При всем воздействии на фольклорное творчество эпохи викингов со стороны христиан – составителей и редакторов этих произведений, очевидно, что христианство распространялось в Скандинавии долго и трудно. В течение длительного времени оно усваивалось поверхностно и непрочно. Только начиная с XII–XIII вв., т. е. через 100–200 лет после официального введения христианства, в Скандинавии появляются четкие сведения о римско-католических ритуалах, обрядах, касающихся важнейших вех частной и даже публичной жизни. Северный материал свидетельствует, что в этом регионе почти до XIV в. культура не приняла цельного и последовательного христианско-церковного характера.
Правители и их дружины, викинги, купцы, отчасти «могучие бонды» – именно эти социальные группы содействовали христианизации, постройке церквей и введению западных церковных порядков. Христианские молитвы в сагах встречаются только с XIII в.[1059] В конце XI–XII в. христианские надписи и символы на рунических камнях стали уже преобладать в том же Свеаланде, но нередко сочетаясь с языческой символикой. Установка памятника по погибшему родичу или другу, что было исполнением долга в языческие времена, теперь стала богоугодным делом; тем не менее наряду с христианской символикой на памятниках можно видеть языческие заклинания против тех, кто порушит камень, или с просьбой Тору (!) «освятить эти руны»[1060].
Опорой христианизации являлись хорошо укрепленные торговые города, где было много путешествующих купцов, постепенно освобождаемых рабов-христиан и где было удобно устраивать епископские кафедры.
До сложения единых государств христианизация в Скандинавских странах не выходила за пределы сравнительно ограниченных общностей людей, по разным соображениям разделявших или принявших новую веру: королевского двора, некоторых ватаг викингов, купеческого сообщества, верхушки бондов, групп рабов. Местная родовая знать, по крайней мере ее неслужилая часть, и, особенно, масса бондов, как правило, сопротивлялись введению новой веры, подчас весьма ожесточенно. Вполне возможно, что исключением тут явились жители подчиненного Швеции острова Готланд, где христианство было принято, как считают, добровольно. Основная масса скандинавов долго оставалась в плену языческой культуры и враждебно принимала миссионеров, которые стремились уничтожить древние традиции народа. Правителям разного уровня приходилось считаться с этим. Не случайно Снорри подчеркивает, что, например, норвежские ярлы Эйрик и Свейн сами крестились, но христианство никому не навязывали[1061].
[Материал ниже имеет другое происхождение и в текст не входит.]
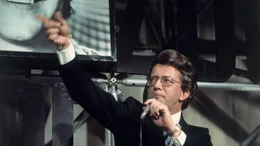 Der Schlager, lange als seicht verp&ouml;nt, ist heute wieder Kult. Seine Geschichte zeigt, wie kritisch er sein kann. Die "Schlager-Story" schaut mit neuem Blick auf ein untersch&auml;tztes Genre.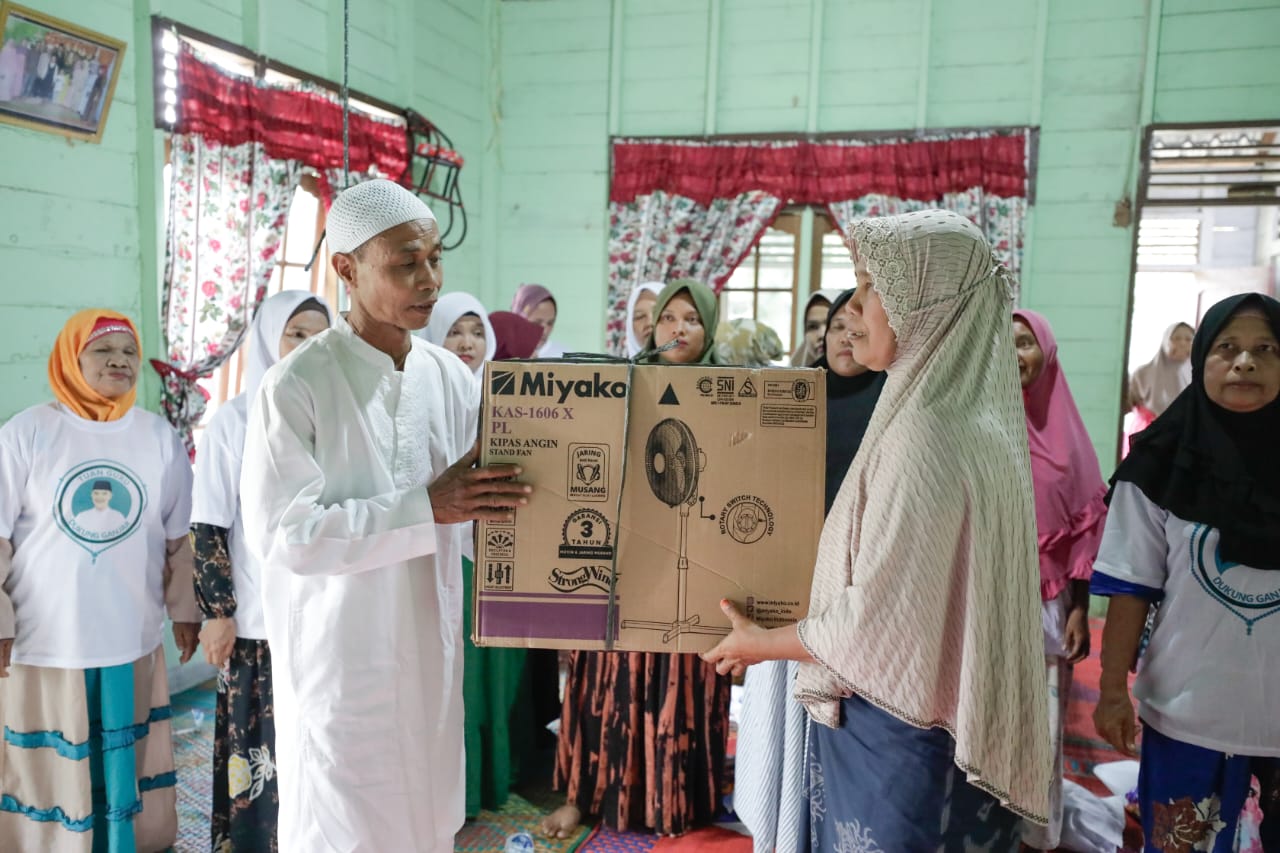Tuan Guru Ganjar Ajarkan Warga Tapanuli Selatan Cara Bersuci dari Hadas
Распространить новую веру за пределы королевского окружения и сравнительно узких групп их подданных до того, как христианизация пошла в ногу с политической централизацией и государственным строительством, так и не смог никто из рано крестившихся королей и многочисленных разноплеменных миссионеров. И именно насильственное крещение было основным способом внедрения королями-объединителями новой веры среди большинства скандинавов.